_INPUT FOR THIS TASK_:
# # # # # # #
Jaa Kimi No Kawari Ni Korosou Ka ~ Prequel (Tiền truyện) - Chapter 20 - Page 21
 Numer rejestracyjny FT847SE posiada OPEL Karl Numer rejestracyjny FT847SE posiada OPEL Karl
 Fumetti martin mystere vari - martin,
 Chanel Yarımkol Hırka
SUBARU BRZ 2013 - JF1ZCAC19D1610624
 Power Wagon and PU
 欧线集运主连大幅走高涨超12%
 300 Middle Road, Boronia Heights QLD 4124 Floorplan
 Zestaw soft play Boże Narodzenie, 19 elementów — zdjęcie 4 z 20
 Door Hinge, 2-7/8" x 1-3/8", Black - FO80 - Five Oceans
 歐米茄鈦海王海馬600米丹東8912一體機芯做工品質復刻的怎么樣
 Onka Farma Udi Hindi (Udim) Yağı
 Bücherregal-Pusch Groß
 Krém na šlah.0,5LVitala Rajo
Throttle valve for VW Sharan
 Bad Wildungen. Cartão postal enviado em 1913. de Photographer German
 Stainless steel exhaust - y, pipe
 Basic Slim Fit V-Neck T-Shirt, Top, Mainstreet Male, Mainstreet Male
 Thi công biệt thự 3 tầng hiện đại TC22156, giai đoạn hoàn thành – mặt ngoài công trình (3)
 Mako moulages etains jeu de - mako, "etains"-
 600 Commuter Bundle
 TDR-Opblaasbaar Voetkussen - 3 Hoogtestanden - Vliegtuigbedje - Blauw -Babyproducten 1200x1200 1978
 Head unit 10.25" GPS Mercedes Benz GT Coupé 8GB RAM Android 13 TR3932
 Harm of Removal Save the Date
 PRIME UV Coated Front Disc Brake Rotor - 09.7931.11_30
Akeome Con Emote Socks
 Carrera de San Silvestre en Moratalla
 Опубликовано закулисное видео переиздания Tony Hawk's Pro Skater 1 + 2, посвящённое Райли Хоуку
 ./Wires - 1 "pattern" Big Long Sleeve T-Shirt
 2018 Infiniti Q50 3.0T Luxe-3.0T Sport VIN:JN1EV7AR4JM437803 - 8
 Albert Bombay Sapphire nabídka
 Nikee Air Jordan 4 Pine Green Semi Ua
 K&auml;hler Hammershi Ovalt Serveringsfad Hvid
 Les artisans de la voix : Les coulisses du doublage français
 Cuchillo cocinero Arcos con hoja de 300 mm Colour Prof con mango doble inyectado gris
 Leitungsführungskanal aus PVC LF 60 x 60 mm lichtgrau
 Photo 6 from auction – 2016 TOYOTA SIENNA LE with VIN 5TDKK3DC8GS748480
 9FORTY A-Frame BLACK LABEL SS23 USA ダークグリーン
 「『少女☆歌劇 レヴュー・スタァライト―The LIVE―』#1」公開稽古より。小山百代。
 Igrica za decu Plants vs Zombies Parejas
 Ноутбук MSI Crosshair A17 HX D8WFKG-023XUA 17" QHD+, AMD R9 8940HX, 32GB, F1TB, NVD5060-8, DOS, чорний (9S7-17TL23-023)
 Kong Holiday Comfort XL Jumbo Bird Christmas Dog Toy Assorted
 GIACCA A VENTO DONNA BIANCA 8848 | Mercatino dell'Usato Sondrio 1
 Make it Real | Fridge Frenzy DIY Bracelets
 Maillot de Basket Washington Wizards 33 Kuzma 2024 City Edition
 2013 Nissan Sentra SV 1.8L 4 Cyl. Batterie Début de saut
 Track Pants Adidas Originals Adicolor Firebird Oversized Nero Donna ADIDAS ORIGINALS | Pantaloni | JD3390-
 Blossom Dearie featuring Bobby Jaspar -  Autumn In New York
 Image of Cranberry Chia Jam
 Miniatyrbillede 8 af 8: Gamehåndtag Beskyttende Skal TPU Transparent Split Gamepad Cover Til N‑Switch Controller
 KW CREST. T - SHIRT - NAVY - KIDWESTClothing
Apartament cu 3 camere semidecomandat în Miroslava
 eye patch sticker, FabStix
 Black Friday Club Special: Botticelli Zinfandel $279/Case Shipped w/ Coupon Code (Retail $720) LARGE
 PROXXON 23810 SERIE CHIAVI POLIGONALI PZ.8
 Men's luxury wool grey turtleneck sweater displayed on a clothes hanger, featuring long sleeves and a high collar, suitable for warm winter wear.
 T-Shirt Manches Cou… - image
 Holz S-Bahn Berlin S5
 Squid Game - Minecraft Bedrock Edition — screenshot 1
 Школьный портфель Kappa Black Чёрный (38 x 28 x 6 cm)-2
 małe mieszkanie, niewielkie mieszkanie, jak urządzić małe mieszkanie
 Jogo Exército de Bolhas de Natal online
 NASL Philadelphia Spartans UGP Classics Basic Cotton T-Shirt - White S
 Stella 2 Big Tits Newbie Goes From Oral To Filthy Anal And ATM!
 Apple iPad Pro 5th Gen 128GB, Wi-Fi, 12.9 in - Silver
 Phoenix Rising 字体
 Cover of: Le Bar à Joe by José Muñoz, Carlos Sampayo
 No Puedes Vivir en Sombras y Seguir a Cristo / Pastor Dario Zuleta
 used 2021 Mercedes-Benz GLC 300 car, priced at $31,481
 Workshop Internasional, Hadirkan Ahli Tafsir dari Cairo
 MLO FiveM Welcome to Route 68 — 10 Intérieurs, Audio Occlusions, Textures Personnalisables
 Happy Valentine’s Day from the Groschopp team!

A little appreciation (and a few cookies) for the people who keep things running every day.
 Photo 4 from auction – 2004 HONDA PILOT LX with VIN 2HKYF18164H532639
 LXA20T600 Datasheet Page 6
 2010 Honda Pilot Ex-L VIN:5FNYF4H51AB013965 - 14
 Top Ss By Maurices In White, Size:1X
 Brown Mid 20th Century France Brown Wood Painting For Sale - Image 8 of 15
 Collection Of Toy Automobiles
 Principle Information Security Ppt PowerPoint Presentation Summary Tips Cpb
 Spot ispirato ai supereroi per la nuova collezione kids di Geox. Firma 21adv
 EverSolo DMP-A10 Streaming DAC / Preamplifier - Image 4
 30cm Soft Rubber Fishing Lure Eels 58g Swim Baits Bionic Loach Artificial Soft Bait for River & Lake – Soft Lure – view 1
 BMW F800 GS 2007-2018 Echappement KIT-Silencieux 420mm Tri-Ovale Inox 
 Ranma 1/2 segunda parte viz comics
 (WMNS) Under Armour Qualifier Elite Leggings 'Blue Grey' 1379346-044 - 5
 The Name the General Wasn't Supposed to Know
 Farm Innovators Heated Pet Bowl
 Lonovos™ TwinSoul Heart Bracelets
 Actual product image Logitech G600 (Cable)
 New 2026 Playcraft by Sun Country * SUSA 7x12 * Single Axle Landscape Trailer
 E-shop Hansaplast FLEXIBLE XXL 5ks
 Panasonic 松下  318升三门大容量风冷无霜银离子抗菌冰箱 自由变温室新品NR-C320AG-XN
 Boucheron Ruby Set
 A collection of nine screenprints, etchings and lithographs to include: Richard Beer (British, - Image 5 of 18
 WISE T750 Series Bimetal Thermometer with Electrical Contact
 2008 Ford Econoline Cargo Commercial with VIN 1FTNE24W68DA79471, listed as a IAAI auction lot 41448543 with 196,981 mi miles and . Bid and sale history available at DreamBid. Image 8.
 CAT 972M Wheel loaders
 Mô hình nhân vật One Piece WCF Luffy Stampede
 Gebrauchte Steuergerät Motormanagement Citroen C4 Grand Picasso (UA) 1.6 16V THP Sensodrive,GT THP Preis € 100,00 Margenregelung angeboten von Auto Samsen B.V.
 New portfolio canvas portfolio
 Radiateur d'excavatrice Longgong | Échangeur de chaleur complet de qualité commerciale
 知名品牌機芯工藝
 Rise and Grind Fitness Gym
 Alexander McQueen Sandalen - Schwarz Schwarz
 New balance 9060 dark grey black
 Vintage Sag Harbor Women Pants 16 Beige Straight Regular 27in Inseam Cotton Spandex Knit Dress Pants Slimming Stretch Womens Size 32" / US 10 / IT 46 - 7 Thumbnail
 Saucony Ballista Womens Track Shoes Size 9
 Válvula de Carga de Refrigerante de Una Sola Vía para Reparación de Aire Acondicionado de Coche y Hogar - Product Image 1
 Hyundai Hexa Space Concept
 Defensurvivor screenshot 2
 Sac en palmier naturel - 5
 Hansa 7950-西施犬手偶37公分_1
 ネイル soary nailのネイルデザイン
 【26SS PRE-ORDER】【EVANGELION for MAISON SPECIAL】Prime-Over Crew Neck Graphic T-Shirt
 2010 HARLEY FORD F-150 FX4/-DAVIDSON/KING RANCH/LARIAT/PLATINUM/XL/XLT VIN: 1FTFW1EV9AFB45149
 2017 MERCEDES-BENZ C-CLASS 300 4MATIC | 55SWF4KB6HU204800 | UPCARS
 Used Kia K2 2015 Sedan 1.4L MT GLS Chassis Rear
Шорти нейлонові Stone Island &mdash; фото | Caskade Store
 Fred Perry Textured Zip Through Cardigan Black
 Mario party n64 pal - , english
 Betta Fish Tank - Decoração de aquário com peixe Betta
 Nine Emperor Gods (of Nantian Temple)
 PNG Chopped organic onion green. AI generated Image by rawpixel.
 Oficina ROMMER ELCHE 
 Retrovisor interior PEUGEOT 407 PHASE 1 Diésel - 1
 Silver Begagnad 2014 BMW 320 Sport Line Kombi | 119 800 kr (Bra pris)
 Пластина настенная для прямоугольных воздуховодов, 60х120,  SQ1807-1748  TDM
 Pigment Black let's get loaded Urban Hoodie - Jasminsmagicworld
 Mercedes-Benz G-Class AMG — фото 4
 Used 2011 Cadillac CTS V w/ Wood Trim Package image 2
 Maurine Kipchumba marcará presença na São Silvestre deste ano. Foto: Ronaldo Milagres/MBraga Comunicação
# # # # # # #
_PROMPT_: Having output the line that contains "Bad Wildungen. Cartão", stop. Every line before it, back to the first line of the data, must be reproduced exactly.

_OUTPUT FOR THIS EXERCISE_:
Jaa Kimi No Kawari Ni Korosou Ka ~ Prequel (Tiền truyện) - Chapter 20 - Page 21
 Numer rejestracyjny FT847SE posiada OPEL Karl Numer rejestracyjny FT847SE posiada OPEL Karl
 Fumetti martin mystere vari - martin,
 Chanel Yarımkol Hırka
SUBARU BRZ 2013 - JF1ZCAC19D1610624
 Power Wagon and PU
 欧线集运主连大幅走高涨超12%
 300 Middle Road, Boronia Heights QLD 4124 Floorplan
 Zestaw soft play Boże Narodzenie, 19 elementów — zdjęcie 4 z 20
 Door Hinge, 2-7/8" x 1-3/8", Black - FO80 - Five Oceans
 歐米茄鈦海王海馬600米丹東8912一體機芯做工品質復刻的怎么樣
 Onka Farma Udi Hindi (Udim) Yağı
 Bücherregal-Pusch Groß
 Krém na šlah.0,5LVitala Rajo
Throttle valve for VW Sharan
 Bad Wildungen. Cartão postal enviado em 1913. de Photographer German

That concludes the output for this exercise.